#### [ASSIGNMENT]
For this task, copy all of the data below exactly and skip the pictures.

#### [DATA TO PROCESS]
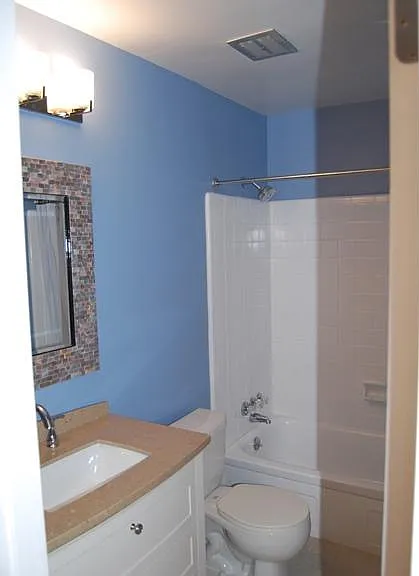 Full bathroom second floor with bathtub and shower.
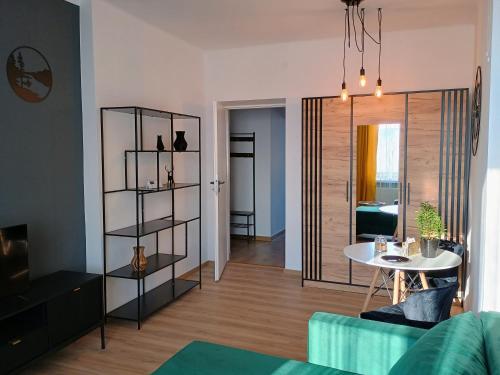 a living room with a table and a dining room at Apartament EM in Krosno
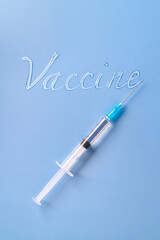 Liquid inscription Vaccine and a syringe on a blue background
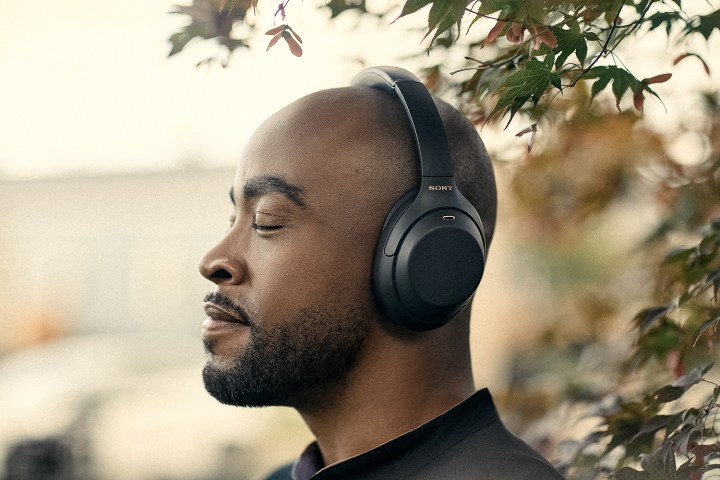 A man wearing the Sony WH-1000XM4 wireless headphones.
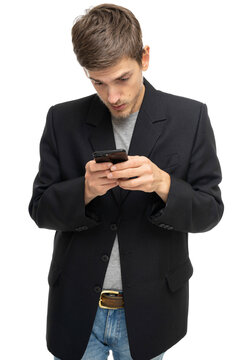 Young handsome tall slim white man with brown hair is looking to his mobile phone in black blazer isolated on white background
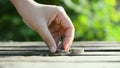 Hand of woman shorting coins over nature green leaf shallow depth of field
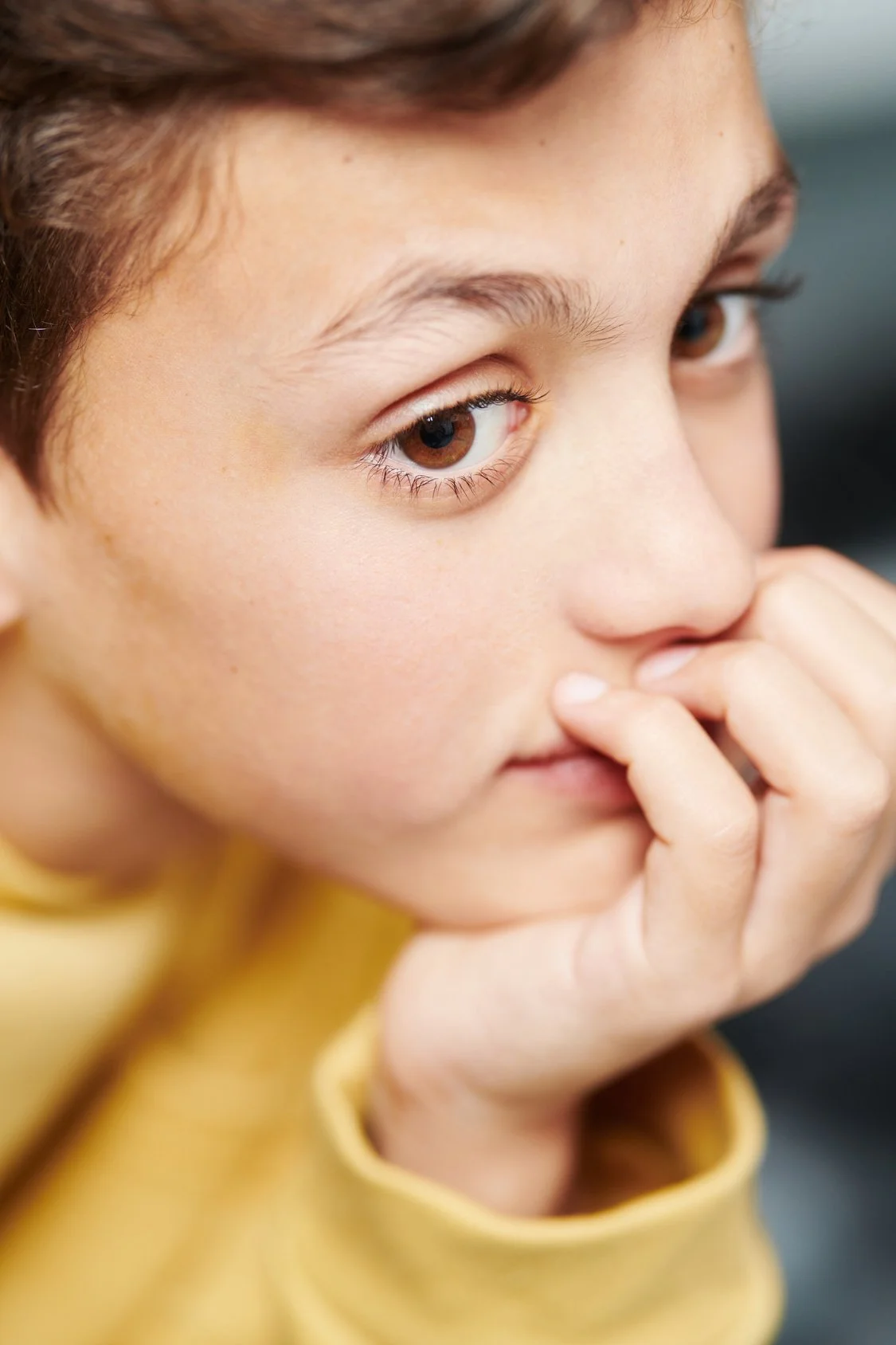 Jeune garçon avec teint clair, yeux marron, habillé en jaune, posant avec main près du visage.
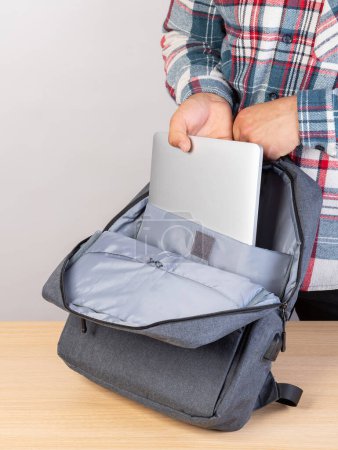 Foto de Un hombre con una camisa a cuadros pone su mano en un portátil gris en una elegante mochila gris. - Imagen libre de derechos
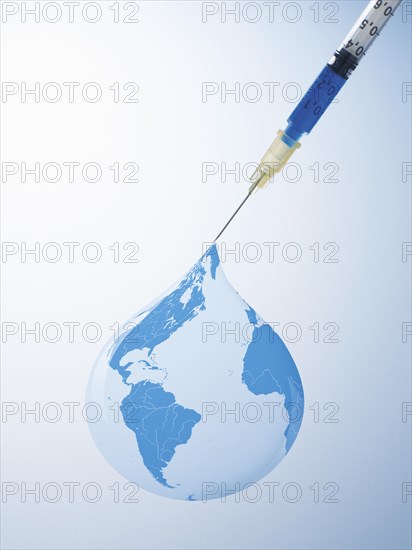 Drop from a syringe forming a globe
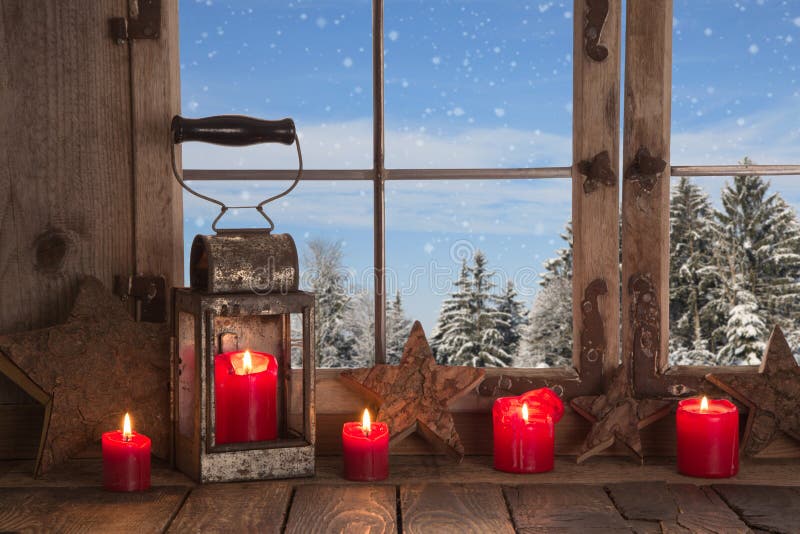 Country Christmas decoration: wooden window decorated with red c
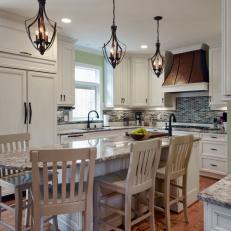 Traditional Kitchen With Eat-In Island and Wrought Iron Pendant Lighting 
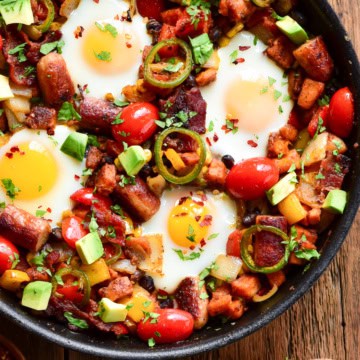 A skillet of hash browns and eggs with other vegetables.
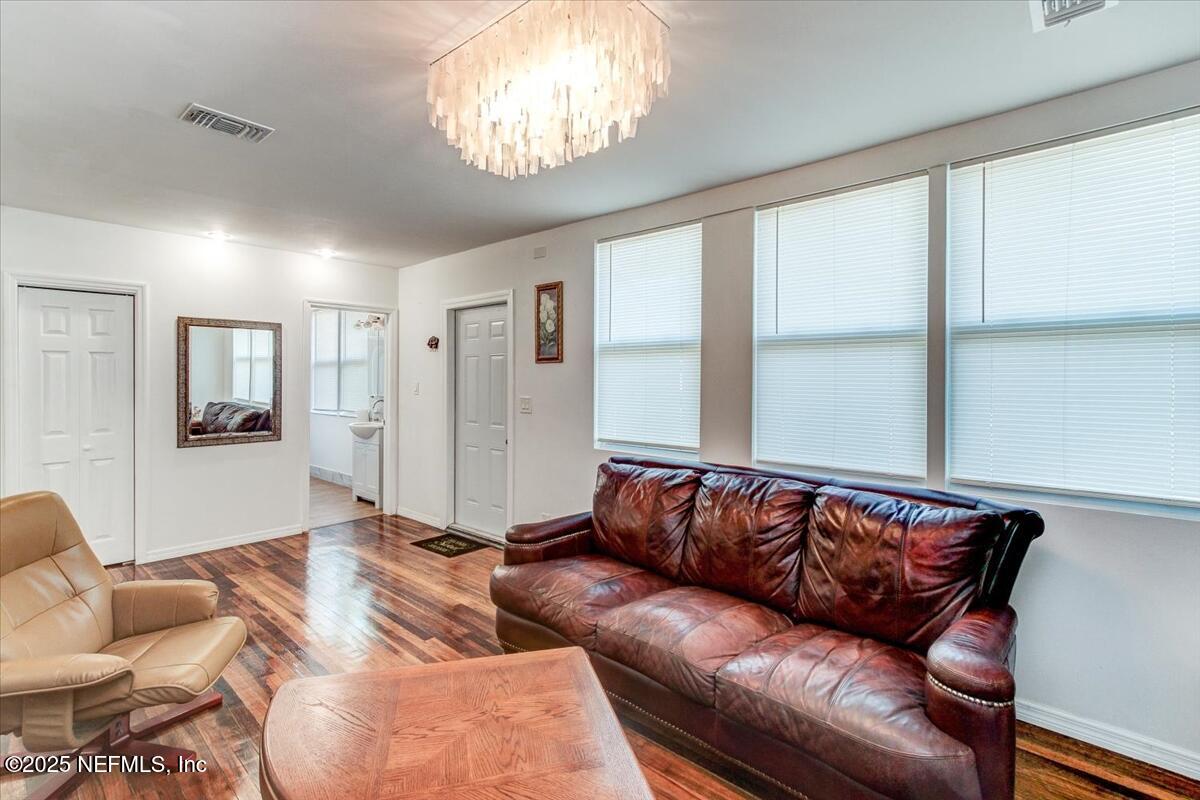 4636 Timuquana Road Jacksonville, FL 32210 - Photo 7 of 21 a living room with furniture and a chandelier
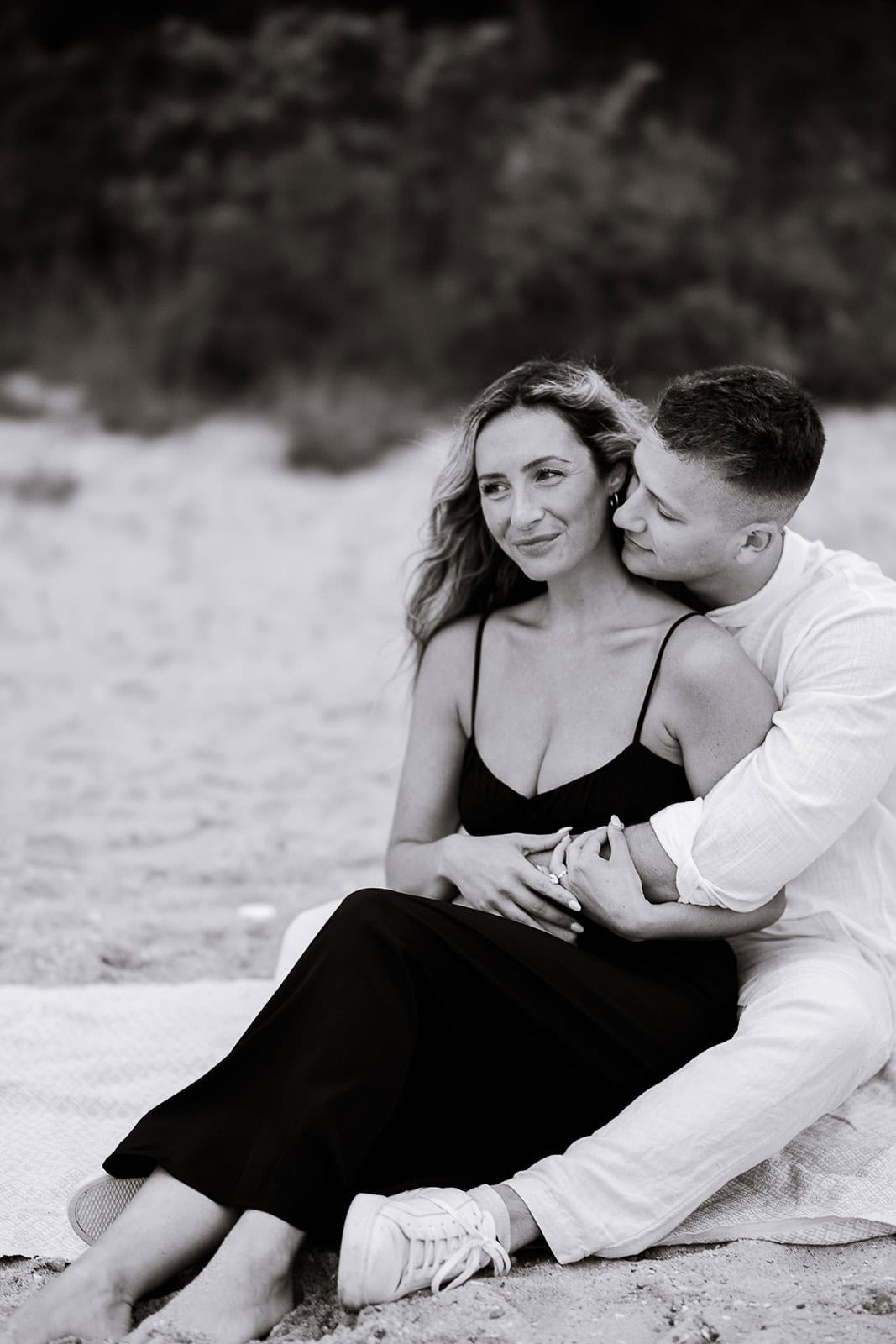 Black and white photo of a couple seated on a beach blanket, the man embraces the woman from behind as she looks away thoughtfully.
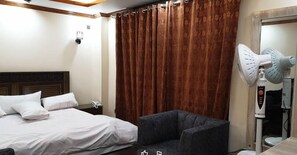 Habitación de hotel con cama, una silla, un ventilador de pared y una cortina.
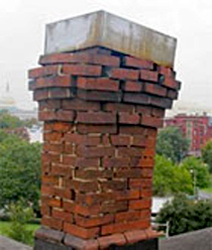 chimney with deteriorated mortar joints showing vibration damage after an earthquake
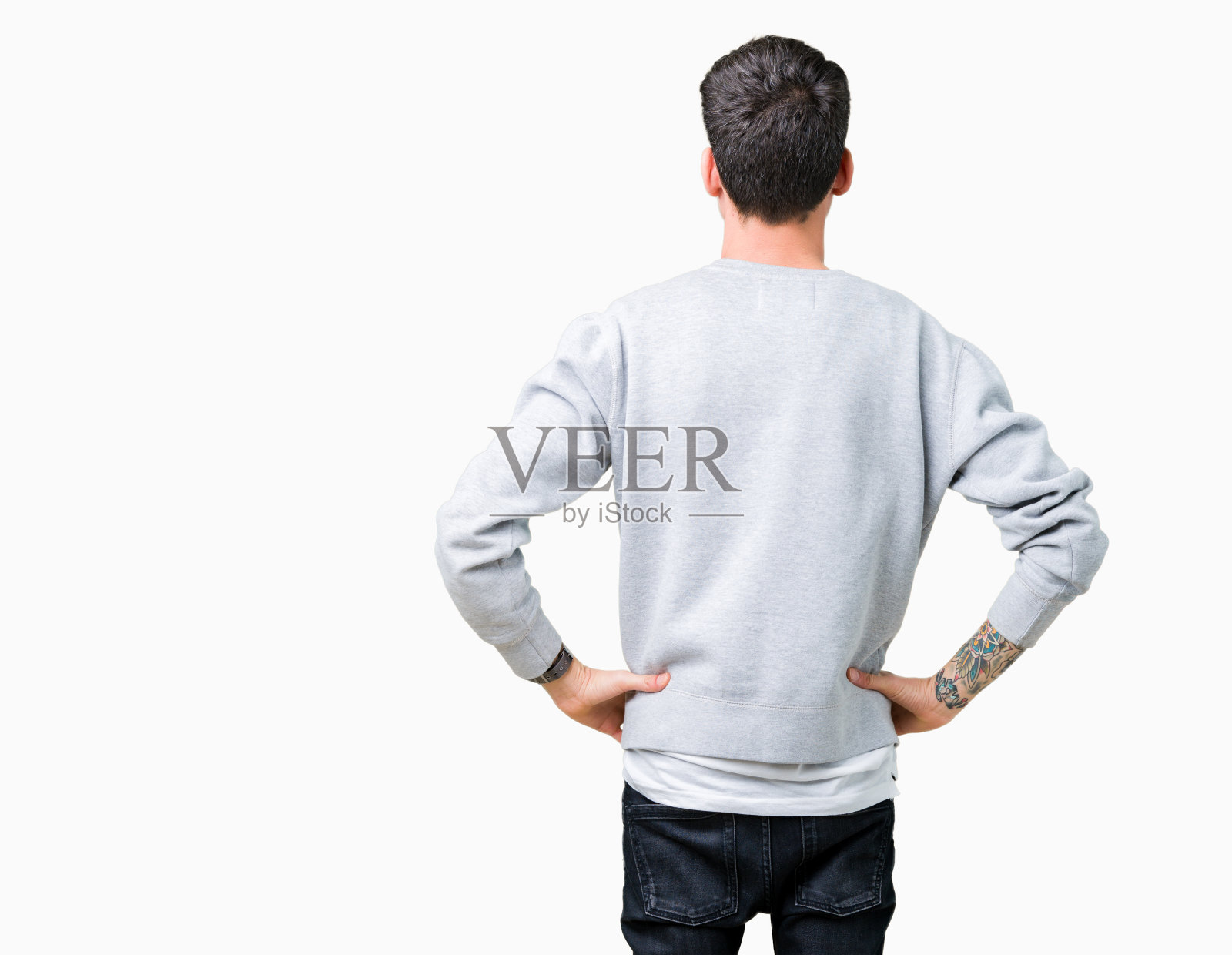 年轻英俊的男子穿运动衫在孤立的背景站向后看远离与手臂上的身体照片摄影图片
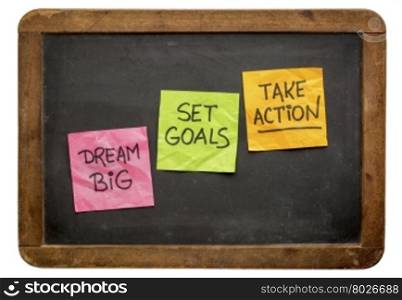 dream big, set goals, take action - motivational advice or reminder on sticky notes against isolated vintage blackboard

#### [RESULT OF THE TASK]
 Full bathroom second floor with bathtub and shower.
 a living room with a table and a dining room at Apartament EM in Krosno
 Liquid inscription Vaccine and a syringe on a blue background
 A man wearing the Sony WH-1000XM4 wireless headphones.
 Young handsome tall slim white man with brown hair is looking to his mobile phone in black blazer isolated on white background
 Hand of woman shorting coins over nature green leaf shallow depth of field
 Jeune garçon avec teint clair, yeux marron, habillé en jaune, posant avec main près du visage.
 Foto de Un hombre con una camisa a cuadros pone su mano en un portátil gris en una elegante mochila gris. - Imagen libre de derechos
 Drop from a syringe forming a globe
 Country Christmas decoration: wooden window decorated with red c
 Traditional Kitchen With Eat-In Island and Wrought Iron Pendant Lighting 
 A skillet of hash browns and eggs with other vegetables.
 4636 Timuquana Road Jacksonville, FL 32210 - Photo 7 of 21 a living room with furniture and a chandelier
 Black and white photo of a couple seated on a beach blanket, the man embraces the woman from behind as she looks away thoughtfully.
 Habitación de hotel con cama, una silla, un ventilador de pared y una cortina.
 chimney with deteriorated mortar joints showing vibration damage after an earthquake
 年轻英俊的男子穿运动衫在孤立的背景站向后看远离与手臂上的身体照片摄影图片
 dream big, set goals, take action - motivational advice or reminder on sticky notes against isolated vintage blackboard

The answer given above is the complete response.